Really? So going by this, its a bad idea. What if that is the only thing the proposing guy has, should a lady reject it because of that alone?
Yes its a bad idea. A man should be ready for marriage before getting into it o.
But lets say thats the only option then they should tread with caution
Sir the thing is our culture looks at any man that takes his wife to live with his parents as one who is not responsible
Even the scripture does not even support a man living with his parents after marriage. The scripture says "Therfore a man will leave his father and mother and cleave to his wife"
Oh I see. culturally and scripturally its wrong. Thats nice. Now what if something happened (maybe the man lost his job) and that is the only option. Will you say no to the man you love because of that reason?
Sir is not the question here. Anyways if such circumstance should occur i would prefer to stay with a friend closeby and sort things out. There is a friend that sticks closer than a brother. Going to the parents house will be the last option if need be
Is not good at all for the man to even take his wife to live with parents even if is the only child or only son.
The wife cannot make decisions on her own which is very important to newly married couples
Good evening boss @focusnow, it's a great work keeping this community together and lively. W
Whats you view of the above topic
@focusnow, thanks for this beautiful question and for anchoring this week's open happiness.
Thank you @talktofaith. So happy to have you around. I cant wait to read what you think about the topic
Hello my amiable host @focusnow, thank you for this timely topic.
Actually, taking a newly Wed wife to a parents house all depends on the customer and traditions of a country or town or village.
In the olden days, the custom of my village is that, when you marry a new wife, you must first of all keep her with your parents for training. And this customer is based on the premise that the wife was married on recommendations and the girl, supposedly very young, needs more training.
Another factor that can determine that a newly Wed wife be taken to the parent is if the parents have a family house of which the husband has an appartment that 8s conducive for them to stay in. Or perhaps, the economic condition of the man did not make it possible at the moment to rent an apartment or have his own house.
But often times, taking a newly Wed wife to a parents house results in rife among them.
I personally do not recommend that. If one is capable of marriage, I think one of the pre-requisites is for the man to provide shelter for the wife.
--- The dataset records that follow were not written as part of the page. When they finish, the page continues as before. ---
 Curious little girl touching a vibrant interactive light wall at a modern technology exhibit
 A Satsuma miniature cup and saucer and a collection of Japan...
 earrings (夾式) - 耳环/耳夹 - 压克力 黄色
The wife should have a home of her own to build and enjoy her married life.
I have not had such experience anyway but I have seen some married ladies complain about their parents in-laws.
And the parents in-laws complaining about their daughters in-laws.
Thank you
Your points were nicely made and they look sound. So if prevailing circumstances demand that the couple have to stay with the parents until things improve, will you recommend the lady to continue, or simply end it?
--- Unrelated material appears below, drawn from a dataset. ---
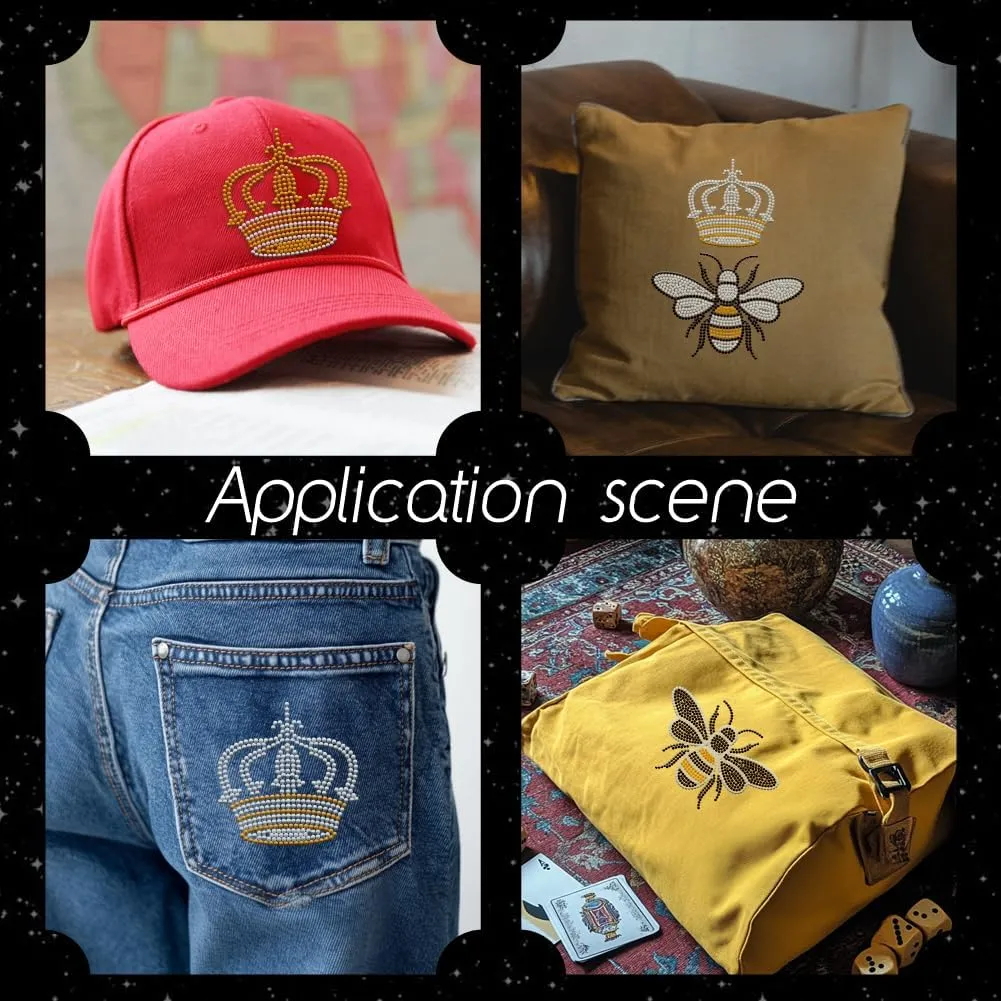 MAYJOYDIY Honey Bee Crown Iron on Rhinestone Decal Queen Bee Hotfix Transfer Sticker Crystal Insects Heat Transfer Patch Bling Clothing Repair Applique for T-Shirt Hat Jacket Garment Bag DIY Decor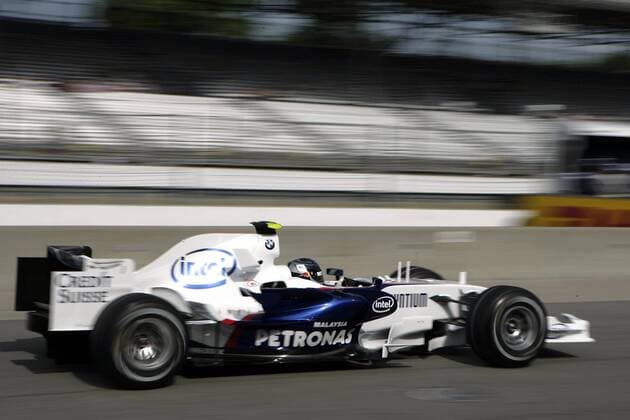 Sebastian Vettel (Deutschland BMW Sauber) in seinem Boliden Motorsport Grand Prix Herren Großer Preis der USA 2007, Formel 1 Weltmeisterschaft, F1, F, GP, WM Einzelbild Indianapolis Motorsport Grand Prix Herren Großer Preis der USA 2007, Formel 1 Weltmeisterschaft, F1, F, GP, WM Einzelbild Indianapolis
Sure, I will. Marriage is for better for worse, whether good or bad and since it is situation that leads to that and it is just temporary, I will subscribe to that. It all now depends on the wife and the parents to try and apply Bible principles to keep putting up with one another. This is because problems must arise. So they have to endure
Woaw an interesting topic tonight, greetings friends how we all doing. Thank you @focusnow for hosting this event tonight.
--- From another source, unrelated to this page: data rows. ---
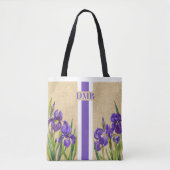 Lila Iris Blume Monogram Imitate Burlap Jute Tasche (Vorderseite)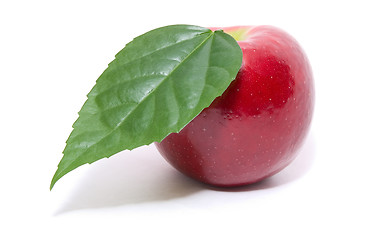 Image showing red apple with leaf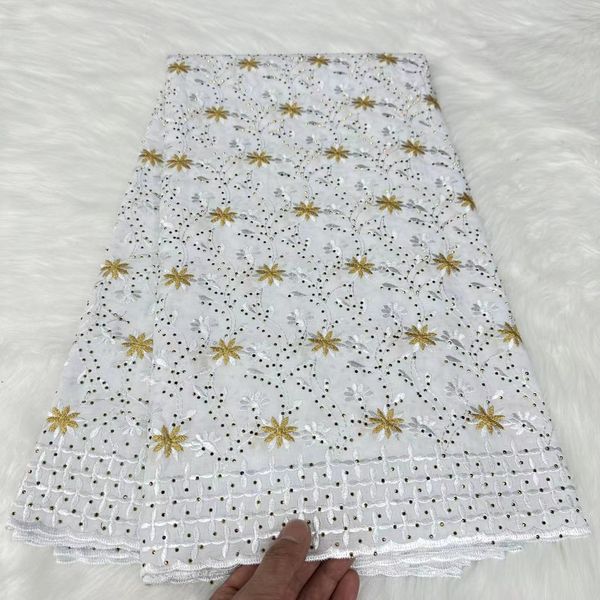 

Blue Cotton Lace Fabric African Retro Cotton Fabric 2024 High Quality Embroidery Pattern for Sewing Party Gown Materials 5yards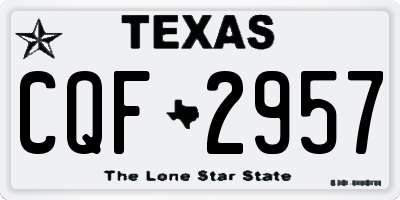 TX license plate CQF2957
Concerning the topic, first i will say a lot families in Africa differ in many ways and as a result their levels of understanding, perception and values also align differently too. For me i will say a guy with a good vision and value won't be married and still get to stay in his parents home. As a married couple you need to build a world of your own, seek new ways of facing marital challenges.
The few persons i have known who got married and still live in their parents homes complaint of huge levels of over dependence on them, over interventions in their personal marital issues by family members and so on.
For me, if you are married you should not stay in your parents house
Exactly, it is that complain that ruins marriages. It 8s better they just stay on their oen
Sure. it makes sense.
Simply put, it's not a good idea in this present day to do such a thing.
Every family is unique and living with the family of the man will not make the new marriage to have the desired result.
Over the years, the man has been groomed likewise the woman, both of them have acquired enough knowledge to start a family of their own. Living in the family house or close proximity is not even encouraged. There would be too much influences on the new home,too much advises, unsolicited help, unnecessary visits, etc.
The best thing is for the new home to form the basis of how they want there marriage to be like on their own. Let them live atleast not too close to the family, let the man leave his parents and build its own house.
Your points were nicely made and they look reasonable. What if something happened very close to the wedding time and the only option is to stay in the family house. Is it advisable under those prevailing circumstances?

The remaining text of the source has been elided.